EventBatch shape (one JSON object per line):
{
"seq": 1,
"events": [
{"type": 1, "payload": {"Header": {...}, "Path": [...], "PathName": "/etc/passwd", ...}},
{"type": 3, "payload": {...}}
]
}type is the event-type discriminator (1=file_access, 2=exec,
3=net_connect, 4=dns_query, 5=tls_sni). payload is the typed
event with the runner's parsed string fields already filled in
(PathName, CommStr, DestIP, etc.).
The orchestrator persists each batch in a transaction, returns the running total + persistence status:
{
"received_batches": 3,
"received_events": 38,
"persisted": 38
}The stream is kept open until the runner closes its side (EOF). On
close, the orchestrator schedules the Differ run for this run_id
via the 2-second debounce.
Runner posts the final scan result.
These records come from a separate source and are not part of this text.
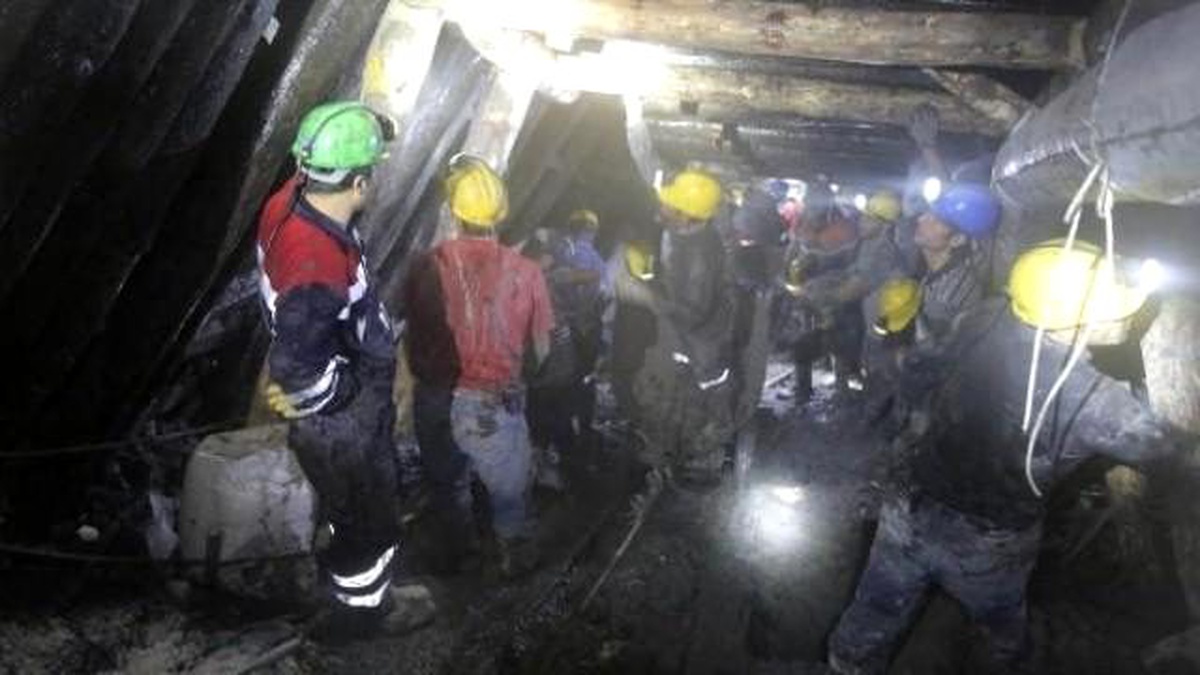 Maden Ocağında 12\'nci Gün: 16 İşçiye Ulaşma Çalışması Sürüyor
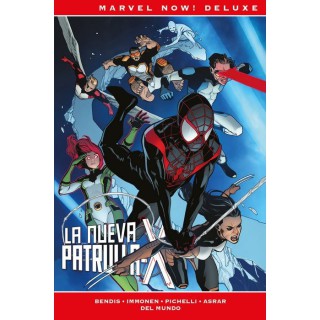 Marvel Now! Deluxe. La Patrulla-X de Brian Michael Bendis 6
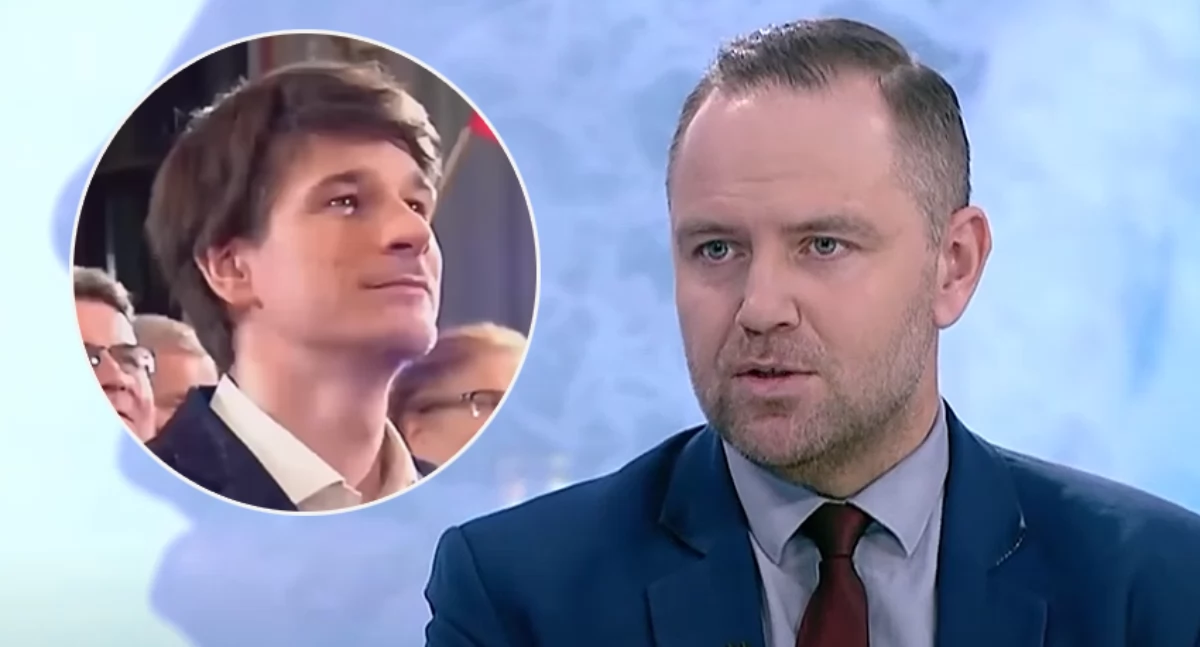 Karol Nawrocki wychowuje nieślubnego syna żony: Bardzo go kocham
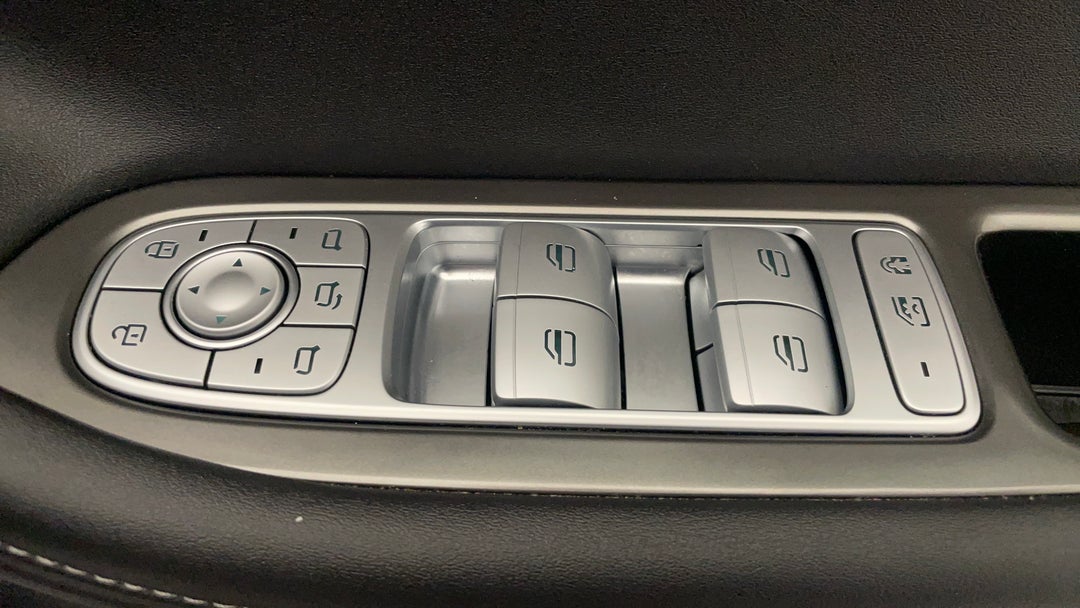 Drivers Side Door Panel Controls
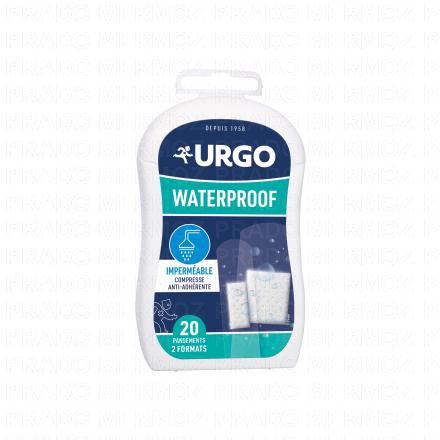 URGO Waterproof pansements (bo&icirc;te de 20)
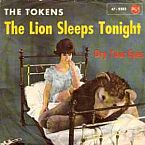 Tekster til The Lion Sleeps Tonight av The Tokens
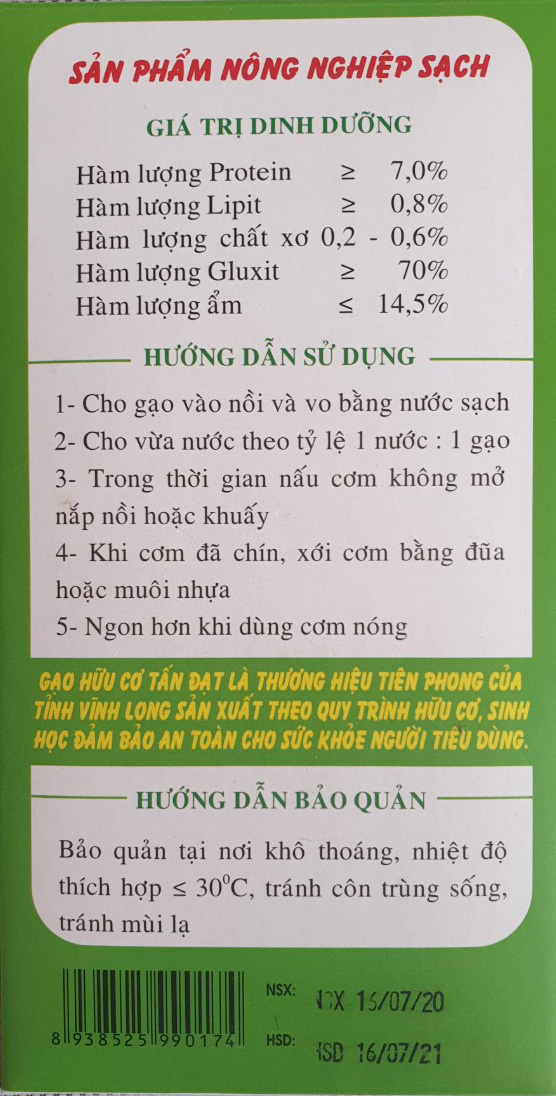 Trồng lúa thơm hữu cơ, bán giá “trên trời” nhưng các doanh nghiệp vẫn tranh mua cho bằng được - Ảnh 4.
Transitions the run's state to
done | failed | timeout, stamps finished_at, stores the
metrics.
Request body:
{
"run_id": [24, 178, 8, 156, ...],
"status": "ok",
"reason": "",
"events_emitted": 312,
"events_dropped": 0,
"duration": 4500000000
}status values:
| Value | When |
|---|---|
ok |
container exited cleanly (exit_code=0) within duration |
failed |
non-zero exit, sandbox launch error, AddCgroup error |
timeout |
duration elapsed before container exit |
Response:
{"recorded": true}Errors:
| Status | Meaning |
|---|---|
400 Bad Request |
bad status value, malformed body |
404 Not Found |
run_id not in DB (runner sent result for a run the orchestrator never saw) |
500 |
storage write failed |
All structured types live in internal/shared/proto/. JSON encoding
follows Go's defaults (CamelCase fields, time.Duration as
nanoseconds, byte arrays as integer-arrays). The runner's parsed
string fields use snake_case via JSON tags on the wrapper types.
proto.CurrentProtoVersion = 1. The register endpoint accepts any
proto_version today, but a future v2 may reject mismatched runners.
None enforced. The long-poll endpoint's 25s server-side wait + the runner's 5s poll-interval naturally cap query volume per runner to ~12/min when idle.
When -tls-cert + -tls-key set, every endpoint switches to HTTPS.
When -tls-client-ca also set, every connection must present a client
cert signed by that CA — registered subjects then become the runner
identity. See TLS-mTLS for the full lifecycle.